VIBO VALENTIA – Nell’ambito di un’estesa e complessa analisi di rischio condotta sui dati in uso alla Guardia di Finanza, le Fiamme Gialle del Gruppo di Vibo Valentia hanno smascherato una singolare e articolata truffa ai danni dello Stato legata all’indebita percezione del Reddito di Cittadinanza. Le indagini hanno permesso di identificare un soggetto che era riuscito a percepire più volte il beneficio economico incassando indebitamente 9mila euro. Per questi motivi l’uomo, già noto alle forze dell’ordine, è stato denunciato.
Reddito di Cittadinanza percepito più volte grazie e 3 false identità
L’operazione della Guardia di Finanza è scattata a seguito del riscontro di evidenti anomalie sui requisiti previsti dalla normativa vigente in materia di sussidi statali. Gli approfondimenti investigativi condotti dai finanzieri hanno consentito di accertare che un unico soggetto, residente nel vibonese e già noto alle forze dell’ordine per legami di parentela con una potente ‘ndrina locale, era riuscito a percepire più volte il beneficio economico creando tre carte d’identità fittizie, propedeutiche all’ottenimento delle relative carte di pagamento.

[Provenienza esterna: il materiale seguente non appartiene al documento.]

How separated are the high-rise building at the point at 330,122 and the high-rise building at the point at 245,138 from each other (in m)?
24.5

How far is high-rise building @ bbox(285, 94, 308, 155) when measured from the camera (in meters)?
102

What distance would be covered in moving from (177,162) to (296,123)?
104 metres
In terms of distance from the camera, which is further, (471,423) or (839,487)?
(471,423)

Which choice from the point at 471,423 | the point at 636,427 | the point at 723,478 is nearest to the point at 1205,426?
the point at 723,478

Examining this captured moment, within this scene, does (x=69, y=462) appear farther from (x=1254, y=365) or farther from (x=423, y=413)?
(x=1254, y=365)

A fare luce sull’effettivo utilizzatore dei sussidi è stata un’accurata ricostruzione dei flussi finanziari eseguita presso gli Istituti di credito. Dall’esame dei movimenti delle tre carte del Reddito di Cittadinanza sono emersi ben 22 pagamenti – per un valore complessivo superiore a 9.000 euro – effettuati tutti a favore di una nota pasticceria della zona. Il dettaglio delle transazioni ha permesso agli investigatori di risalire in modo inequivocabile all’unico effettivo titolare e beneficiario delle carte truccate.

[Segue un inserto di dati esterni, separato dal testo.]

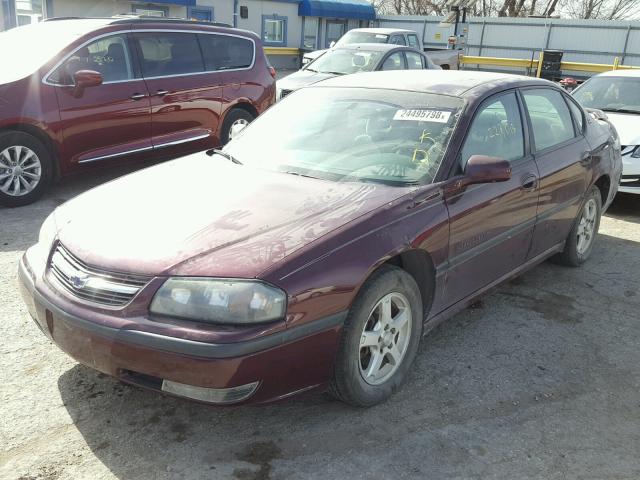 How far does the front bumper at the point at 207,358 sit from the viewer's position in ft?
8.02

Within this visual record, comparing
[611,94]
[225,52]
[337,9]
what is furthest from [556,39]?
[225,52]

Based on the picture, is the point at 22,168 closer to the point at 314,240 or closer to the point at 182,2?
the point at 314,240

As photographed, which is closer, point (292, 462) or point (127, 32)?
point (292, 462)

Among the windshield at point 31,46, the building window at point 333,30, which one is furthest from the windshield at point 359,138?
the building window at point 333,30

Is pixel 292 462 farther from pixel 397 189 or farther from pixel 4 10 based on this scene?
pixel 4 10

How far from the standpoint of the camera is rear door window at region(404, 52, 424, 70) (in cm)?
1235

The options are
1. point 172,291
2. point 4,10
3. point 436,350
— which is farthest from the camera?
point 4,10

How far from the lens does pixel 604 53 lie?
82.2 feet

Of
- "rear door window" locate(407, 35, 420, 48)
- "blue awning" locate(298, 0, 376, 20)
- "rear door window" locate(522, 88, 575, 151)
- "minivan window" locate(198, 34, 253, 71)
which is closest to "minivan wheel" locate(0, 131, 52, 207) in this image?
"minivan window" locate(198, 34, 253, 71)

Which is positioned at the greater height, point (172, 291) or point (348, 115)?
point (348, 115)

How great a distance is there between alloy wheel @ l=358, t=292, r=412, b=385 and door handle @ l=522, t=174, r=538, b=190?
1368 millimetres

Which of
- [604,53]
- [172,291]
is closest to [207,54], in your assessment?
[172,291]

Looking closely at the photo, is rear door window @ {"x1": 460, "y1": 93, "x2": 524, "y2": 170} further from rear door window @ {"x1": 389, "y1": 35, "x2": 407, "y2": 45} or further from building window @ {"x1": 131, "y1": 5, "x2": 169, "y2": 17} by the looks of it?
building window @ {"x1": 131, "y1": 5, "x2": 169, "y2": 17}

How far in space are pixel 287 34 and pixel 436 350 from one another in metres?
24.8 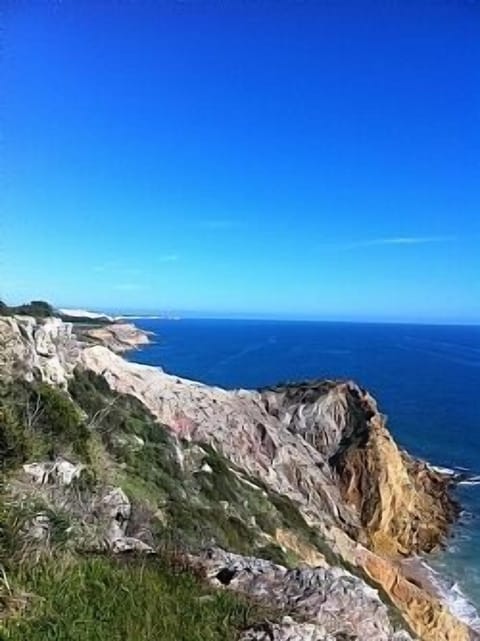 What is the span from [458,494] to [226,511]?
880 inches

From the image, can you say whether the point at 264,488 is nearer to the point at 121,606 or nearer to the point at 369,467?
the point at 369,467

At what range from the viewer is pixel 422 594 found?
2066cm

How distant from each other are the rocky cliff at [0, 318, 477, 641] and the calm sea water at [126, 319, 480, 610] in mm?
2118

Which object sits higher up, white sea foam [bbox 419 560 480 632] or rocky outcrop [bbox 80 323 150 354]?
rocky outcrop [bbox 80 323 150 354]

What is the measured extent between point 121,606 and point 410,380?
76.6 m

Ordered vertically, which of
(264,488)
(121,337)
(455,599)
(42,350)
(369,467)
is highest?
(42,350)

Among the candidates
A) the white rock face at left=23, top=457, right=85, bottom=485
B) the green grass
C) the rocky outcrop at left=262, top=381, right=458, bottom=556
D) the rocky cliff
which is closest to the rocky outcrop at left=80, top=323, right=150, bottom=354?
the rocky outcrop at left=262, top=381, right=458, bottom=556

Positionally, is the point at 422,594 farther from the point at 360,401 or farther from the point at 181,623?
the point at 181,623

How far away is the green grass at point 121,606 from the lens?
16.0ft

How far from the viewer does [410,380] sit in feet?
260

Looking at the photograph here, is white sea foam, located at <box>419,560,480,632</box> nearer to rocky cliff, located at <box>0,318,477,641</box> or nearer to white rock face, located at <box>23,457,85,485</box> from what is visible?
rocky cliff, located at <box>0,318,477,641</box>

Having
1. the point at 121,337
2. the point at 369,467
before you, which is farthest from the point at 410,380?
the point at 369,467

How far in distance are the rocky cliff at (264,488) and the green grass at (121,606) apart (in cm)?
33

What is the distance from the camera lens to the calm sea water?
108 ft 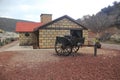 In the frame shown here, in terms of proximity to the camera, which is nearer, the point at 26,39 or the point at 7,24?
the point at 26,39

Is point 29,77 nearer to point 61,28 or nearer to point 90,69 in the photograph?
point 90,69

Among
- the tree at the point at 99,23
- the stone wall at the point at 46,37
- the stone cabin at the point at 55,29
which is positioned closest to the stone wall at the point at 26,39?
the stone cabin at the point at 55,29

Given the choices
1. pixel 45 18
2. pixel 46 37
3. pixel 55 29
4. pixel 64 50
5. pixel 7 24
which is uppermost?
pixel 7 24

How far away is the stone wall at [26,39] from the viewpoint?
3064cm

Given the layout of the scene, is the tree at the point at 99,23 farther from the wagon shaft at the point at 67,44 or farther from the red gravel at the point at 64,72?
the red gravel at the point at 64,72

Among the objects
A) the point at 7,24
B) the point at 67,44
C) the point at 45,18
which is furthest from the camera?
the point at 7,24

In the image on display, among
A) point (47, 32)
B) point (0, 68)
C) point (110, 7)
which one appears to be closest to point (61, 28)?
point (47, 32)

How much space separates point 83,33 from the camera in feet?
82.8

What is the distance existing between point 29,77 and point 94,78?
269 centimetres

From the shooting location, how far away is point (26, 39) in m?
30.8

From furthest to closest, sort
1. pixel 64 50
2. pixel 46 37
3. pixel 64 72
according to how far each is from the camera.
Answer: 1. pixel 46 37
2. pixel 64 50
3. pixel 64 72

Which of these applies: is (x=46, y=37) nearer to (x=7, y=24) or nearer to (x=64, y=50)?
(x=64, y=50)

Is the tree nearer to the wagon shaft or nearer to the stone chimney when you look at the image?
the stone chimney

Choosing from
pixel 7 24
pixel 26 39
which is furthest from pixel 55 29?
pixel 7 24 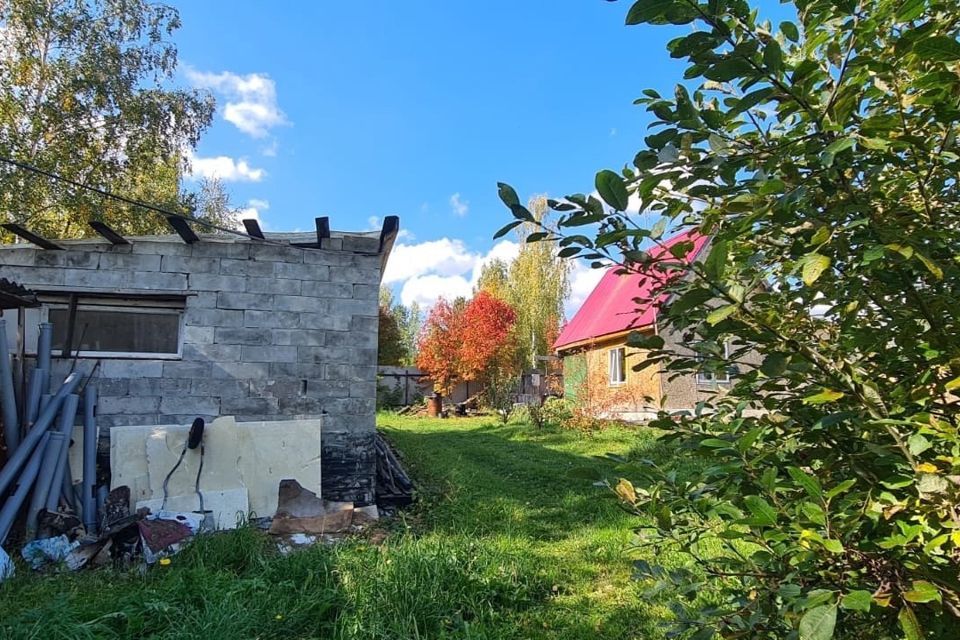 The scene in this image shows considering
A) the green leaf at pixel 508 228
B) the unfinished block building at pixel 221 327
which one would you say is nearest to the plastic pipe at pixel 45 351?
the unfinished block building at pixel 221 327

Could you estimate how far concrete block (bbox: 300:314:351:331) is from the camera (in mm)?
6016

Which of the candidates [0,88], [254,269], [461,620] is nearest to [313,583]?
[461,620]

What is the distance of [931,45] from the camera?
3.15 ft

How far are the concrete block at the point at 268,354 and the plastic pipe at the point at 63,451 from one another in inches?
58.6

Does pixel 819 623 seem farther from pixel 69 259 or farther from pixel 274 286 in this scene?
pixel 69 259

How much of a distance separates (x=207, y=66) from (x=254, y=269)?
24.2 ft

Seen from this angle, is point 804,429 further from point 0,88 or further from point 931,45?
point 0,88

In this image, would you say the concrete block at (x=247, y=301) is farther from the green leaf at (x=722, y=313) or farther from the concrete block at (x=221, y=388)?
the green leaf at (x=722, y=313)

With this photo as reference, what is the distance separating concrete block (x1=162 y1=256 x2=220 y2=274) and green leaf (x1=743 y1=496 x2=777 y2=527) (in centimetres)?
592

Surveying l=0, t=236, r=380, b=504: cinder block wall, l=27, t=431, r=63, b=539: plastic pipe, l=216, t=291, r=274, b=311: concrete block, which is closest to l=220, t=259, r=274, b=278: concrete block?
l=0, t=236, r=380, b=504: cinder block wall

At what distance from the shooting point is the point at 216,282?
19.3 ft

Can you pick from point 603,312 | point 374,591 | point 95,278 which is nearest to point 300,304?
point 95,278

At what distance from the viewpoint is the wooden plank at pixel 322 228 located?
577 centimetres

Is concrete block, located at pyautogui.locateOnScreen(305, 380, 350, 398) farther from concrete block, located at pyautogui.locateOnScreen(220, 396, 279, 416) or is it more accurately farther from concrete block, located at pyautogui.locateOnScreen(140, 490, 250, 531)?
concrete block, located at pyautogui.locateOnScreen(140, 490, 250, 531) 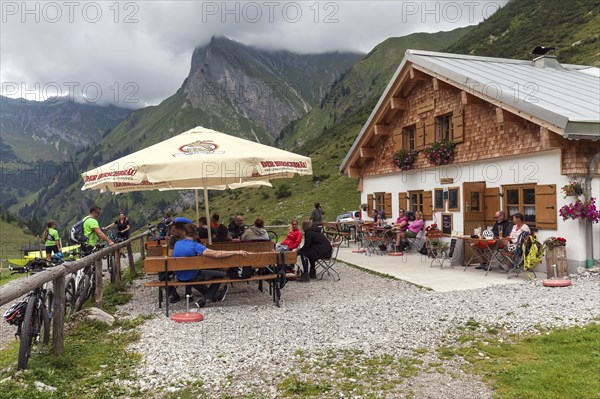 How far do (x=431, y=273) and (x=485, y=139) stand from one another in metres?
4.34

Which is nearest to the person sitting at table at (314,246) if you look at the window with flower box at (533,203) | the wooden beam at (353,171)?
the window with flower box at (533,203)

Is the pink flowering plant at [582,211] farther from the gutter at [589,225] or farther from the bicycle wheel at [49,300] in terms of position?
the bicycle wheel at [49,300]

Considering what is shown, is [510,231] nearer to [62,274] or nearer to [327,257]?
[327,257]

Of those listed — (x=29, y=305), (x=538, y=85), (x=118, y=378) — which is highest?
(x=538, y=85)

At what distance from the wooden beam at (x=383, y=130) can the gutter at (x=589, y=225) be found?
8825 millimetres

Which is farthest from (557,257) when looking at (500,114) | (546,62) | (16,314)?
(546,62)

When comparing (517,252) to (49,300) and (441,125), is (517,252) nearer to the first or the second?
(441,125)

La denuncia ed il sequestro preventivo
A conclusione delle attività d’indagine, dirette dalla Procura della Repubblica di Vibo Valentia, i finanzieri hanno deferito l’uomo all’Autorità Giudiziaria richiedendo contestualmente un sequestro cautelare per le somme indebitamente percepite tramite il Reddito di Cittadinanza.

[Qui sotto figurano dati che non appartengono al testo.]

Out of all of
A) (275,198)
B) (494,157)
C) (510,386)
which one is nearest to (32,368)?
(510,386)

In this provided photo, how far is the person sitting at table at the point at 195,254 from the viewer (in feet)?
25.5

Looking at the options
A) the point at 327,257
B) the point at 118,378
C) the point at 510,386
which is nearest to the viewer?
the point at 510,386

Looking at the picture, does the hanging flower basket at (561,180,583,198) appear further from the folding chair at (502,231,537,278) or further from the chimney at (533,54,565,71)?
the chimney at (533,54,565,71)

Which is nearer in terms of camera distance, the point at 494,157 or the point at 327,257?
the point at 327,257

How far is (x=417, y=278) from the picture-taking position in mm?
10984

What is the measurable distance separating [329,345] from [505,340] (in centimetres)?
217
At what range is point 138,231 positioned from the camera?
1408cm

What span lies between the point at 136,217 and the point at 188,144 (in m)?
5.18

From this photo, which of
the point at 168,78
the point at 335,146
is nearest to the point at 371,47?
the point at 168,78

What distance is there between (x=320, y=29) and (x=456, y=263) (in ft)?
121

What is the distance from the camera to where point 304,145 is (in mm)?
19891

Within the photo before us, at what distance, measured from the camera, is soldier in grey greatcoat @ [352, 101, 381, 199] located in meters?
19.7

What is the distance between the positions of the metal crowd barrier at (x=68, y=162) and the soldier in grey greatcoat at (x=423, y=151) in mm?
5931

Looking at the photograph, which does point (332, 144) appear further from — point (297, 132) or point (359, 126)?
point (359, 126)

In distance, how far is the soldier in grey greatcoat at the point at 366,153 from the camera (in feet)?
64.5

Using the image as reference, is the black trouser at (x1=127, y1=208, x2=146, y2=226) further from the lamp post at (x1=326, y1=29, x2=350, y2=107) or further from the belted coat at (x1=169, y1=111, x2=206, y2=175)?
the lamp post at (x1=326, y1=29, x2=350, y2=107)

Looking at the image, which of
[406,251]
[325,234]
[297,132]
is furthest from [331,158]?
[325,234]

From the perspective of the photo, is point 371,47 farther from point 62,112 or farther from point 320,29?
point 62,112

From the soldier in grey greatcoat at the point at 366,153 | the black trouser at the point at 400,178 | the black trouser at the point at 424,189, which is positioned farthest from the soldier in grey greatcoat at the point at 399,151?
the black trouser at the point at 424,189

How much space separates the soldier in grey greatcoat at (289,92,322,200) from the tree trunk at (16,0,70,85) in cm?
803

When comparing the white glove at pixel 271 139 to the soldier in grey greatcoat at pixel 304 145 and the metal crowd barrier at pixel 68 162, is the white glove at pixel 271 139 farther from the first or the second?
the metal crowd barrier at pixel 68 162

Accogliendo l’impianto accusatorio, il Tribunale di Vibo Valentia ha emesso un decreto di sequestro preventivo per un importo di oltre 12.500 euro. L’esecuzione del provvedimento ha già consentito di assicurare alla giustizia beni mobili e immobili riconducibili all’indagato fino alla concorrenza della somma indebitamente percepita.
L’indagine, svolta sotto la direzione della Procura della Repubblica di Vibo Valentia, conferma il costante impegno della Guardia di Finanza nel contrasto alle frodi in danno alla spesa pubblica e, in particolare, all’indebita percezione di sussidi economici destinati ai cittadini che versano in condizioni di effettivo e documentato bisogno.